_Task inputs:_
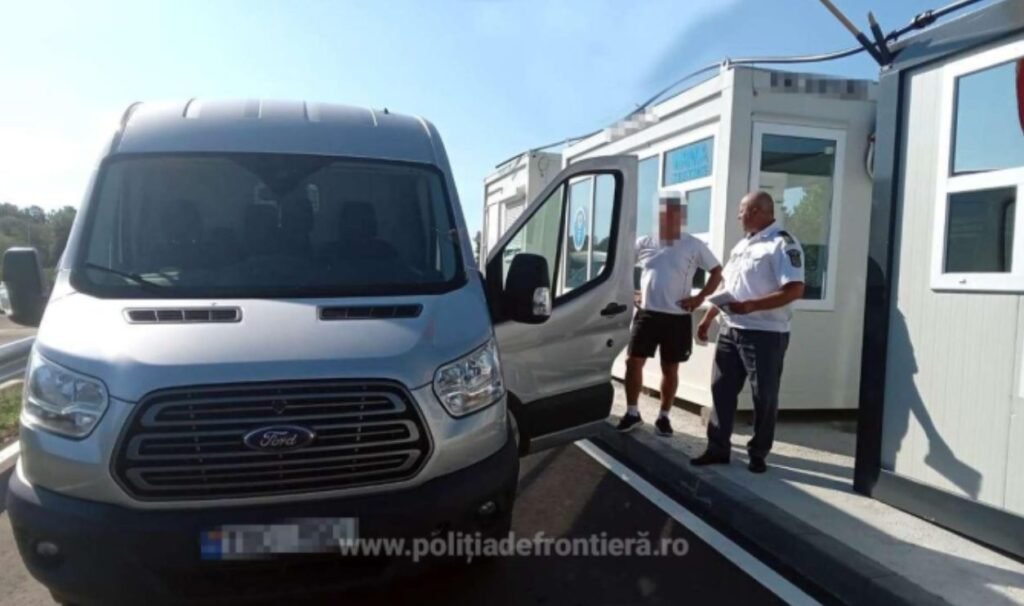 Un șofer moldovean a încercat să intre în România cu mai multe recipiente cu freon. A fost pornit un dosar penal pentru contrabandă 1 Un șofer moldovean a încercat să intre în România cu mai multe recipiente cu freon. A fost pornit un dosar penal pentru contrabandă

==

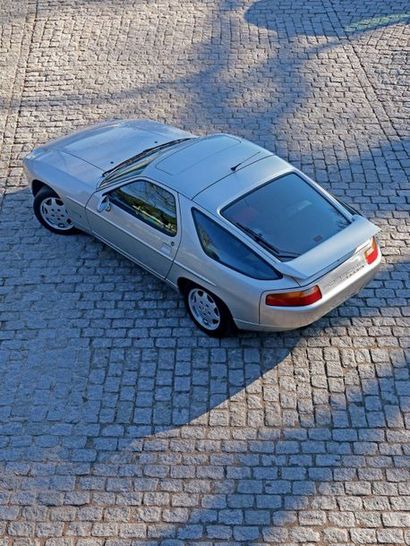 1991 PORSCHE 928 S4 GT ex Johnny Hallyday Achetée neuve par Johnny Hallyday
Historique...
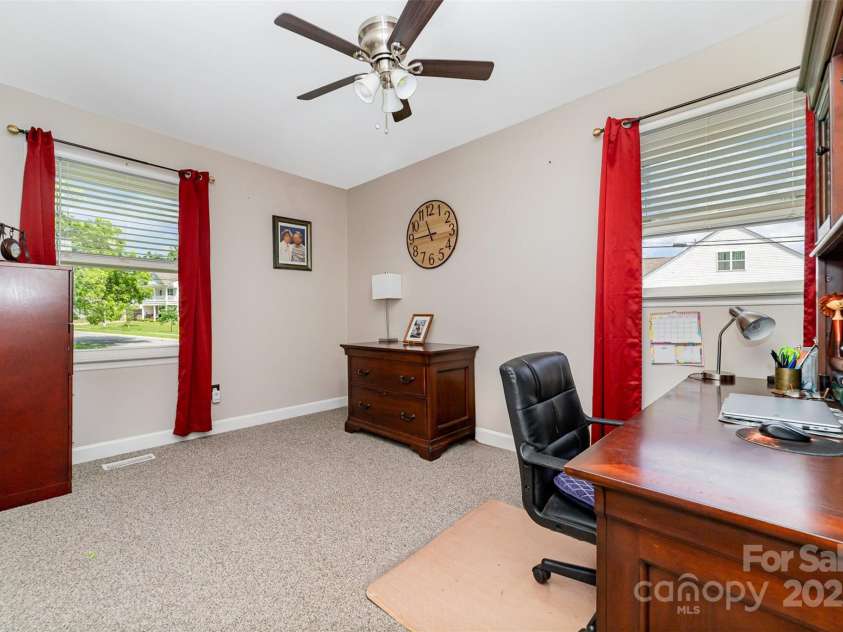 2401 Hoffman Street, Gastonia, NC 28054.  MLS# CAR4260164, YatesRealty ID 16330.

...

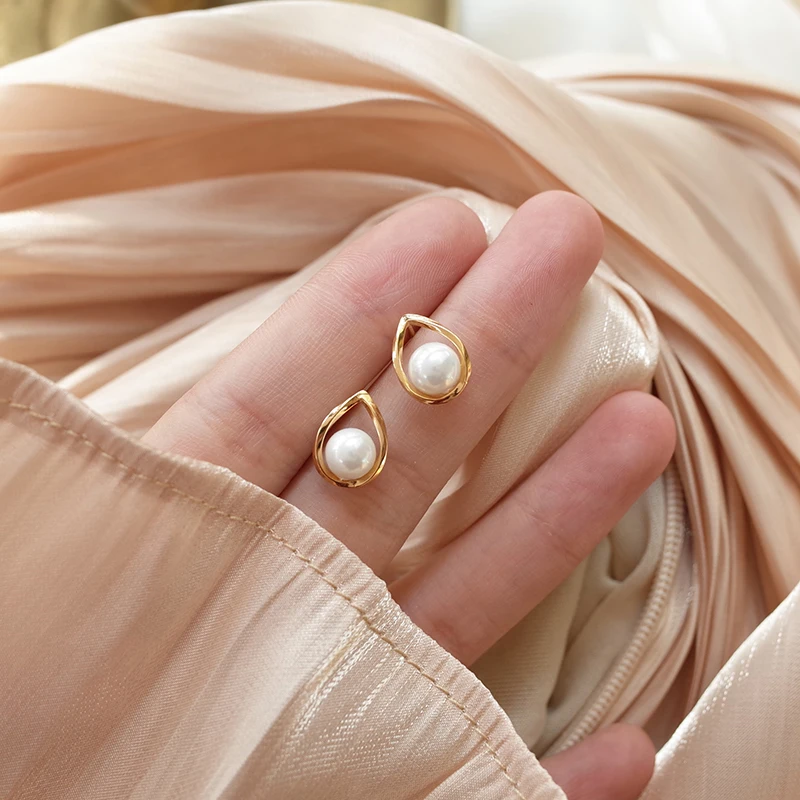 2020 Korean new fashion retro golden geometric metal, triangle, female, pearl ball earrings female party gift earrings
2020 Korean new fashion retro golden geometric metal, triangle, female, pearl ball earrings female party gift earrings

_Exercise aim:_ Within the listing above, print exactly the stretch beginning at the line that contains "1991 PORSCHE 928" and finishing at the line that contains "2401 Hoffman Street, Gastonia, NC", ends kept, pictures left out, and nothing more.

_Your response:_
 1991 PORSCHE 928 S4 GT ex Johnny Hallyday Achetée neuve par Johnny Hallyday
Historique...
 2401 Hoffman Street, Gastonia, NC 28054.  MLS# CAR4260164, YatesRealty ID 16330.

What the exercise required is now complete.